TASK
In the material below, the line holding "Pronájem kanceláře, Brno, Plynárenská, 3370" and every line after it should be reproduced exactly, please, with pictures omitted.

DATASET RECORDS

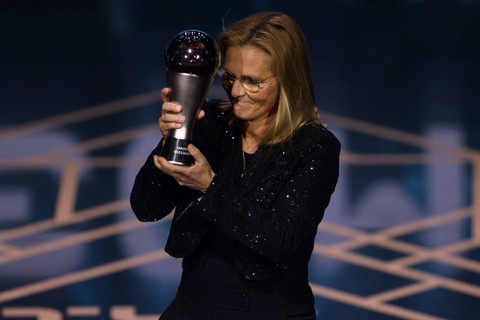 Pelatih Inggris Sarina Wiegman menerima penghargaan Pelatih Wanita Terbaik FIFA pada upacara Penghargaan Sepak Bola FIFA Terbaik 2023 di London pada 15 Januari 2024. Foto: Adrian Dennis/AFP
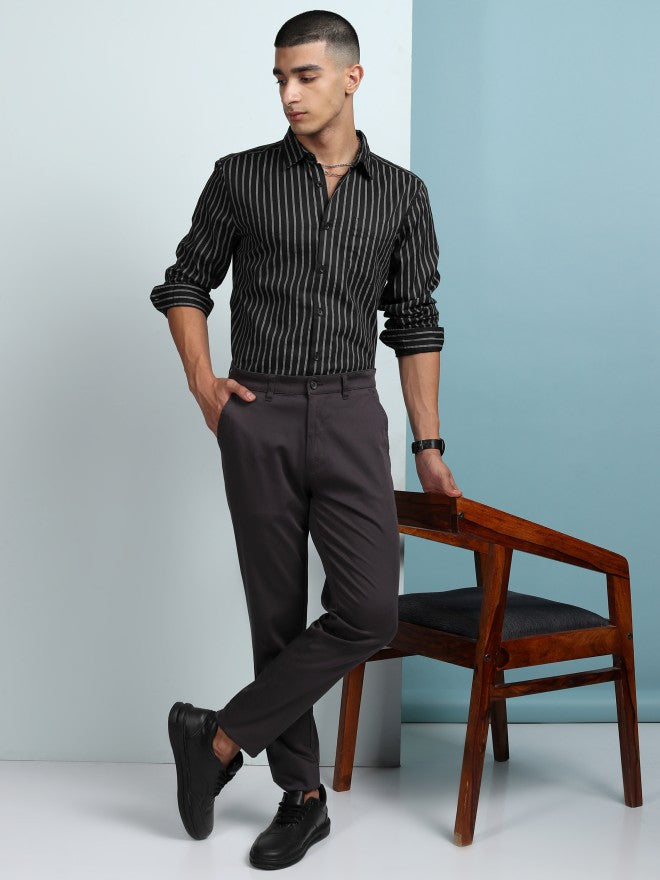 Highlander Men Black Striped Slim Fit Casual Shirt - Black - Image 2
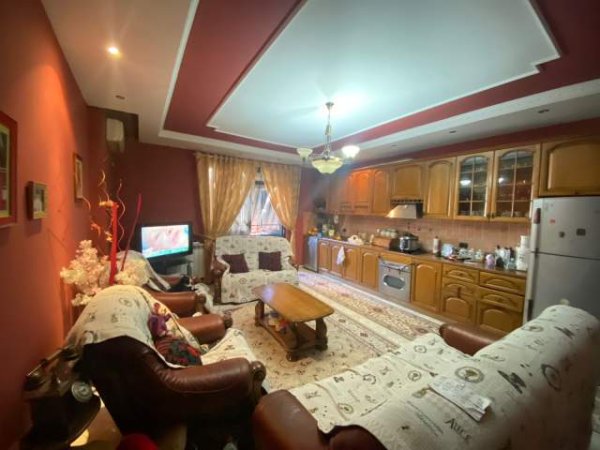 Tirane, shitet apartament 4+1 Kati 2, 150 m² 375.000 Euro (Myslym shyri)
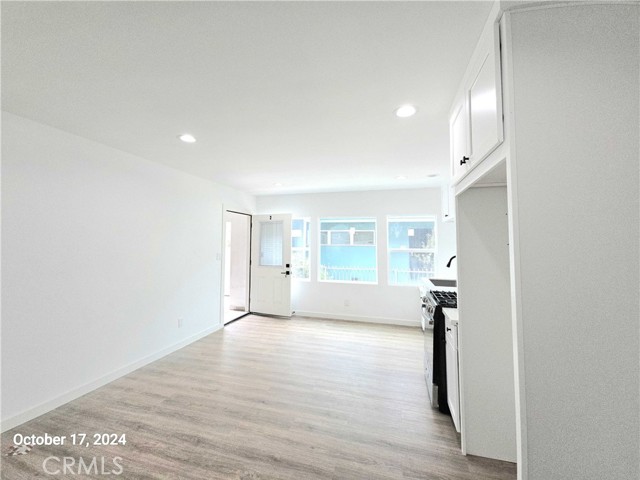 Detail Gallery Image 9 of 23 For 8524 Beverlywood St #2,  Los Angeles,  CA 90034 - 3 Beds | 2 Baths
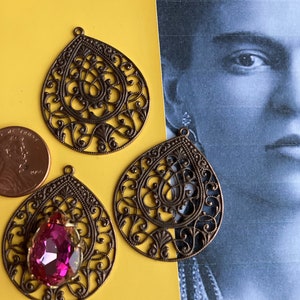 3 Risultati in ottone antico stile Frida Kahlo vintage con design Paisley, 36 mm x 30 mm, 1 1/2 x 1 1/3 pollici immagine 1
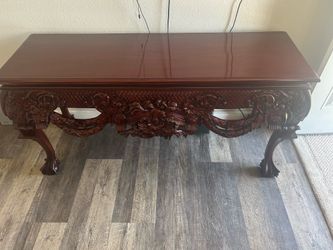 Barstools and table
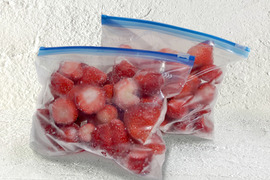 農薬不使用　冷凍苺 １Kg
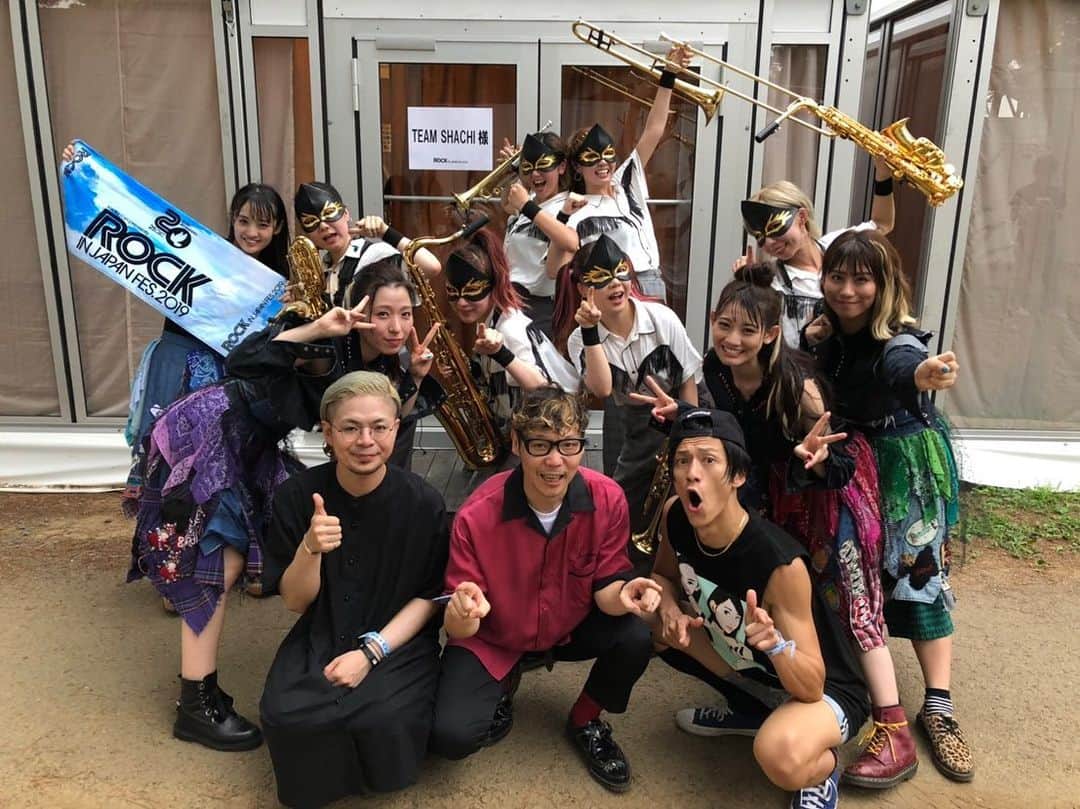 Bunta のインスタグラム：「ロッキン！！TEAM SHACHIのステージ熱かった！！🥁♨️🥁 色んな人に会えて楽しいなー🤩🤩🤩 #teamshachi #rockinjapan  #drumforhappy」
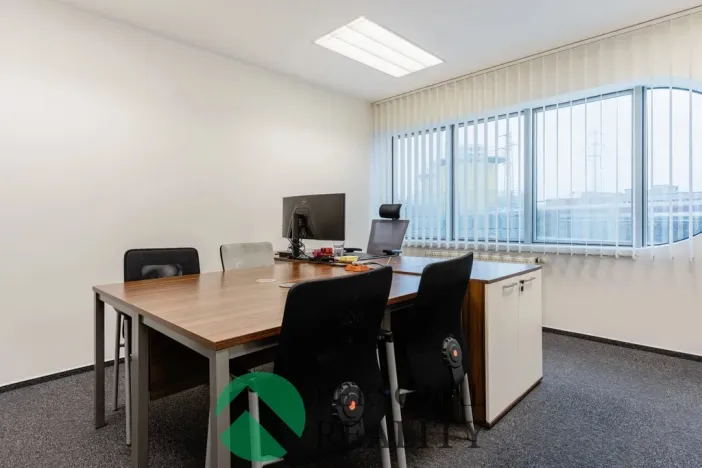 Pronájem kanceláře, Brno, Plynárenská, 3370 m2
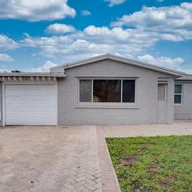 Casa a la venta en 2703 Adams St, Hollywood FL 33020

RESULT
 Pronájem kanceláře, Brno, Plynárenská, 3370 m2
 Casa a la venta en 2703 Adams St, Hollywood FL 33020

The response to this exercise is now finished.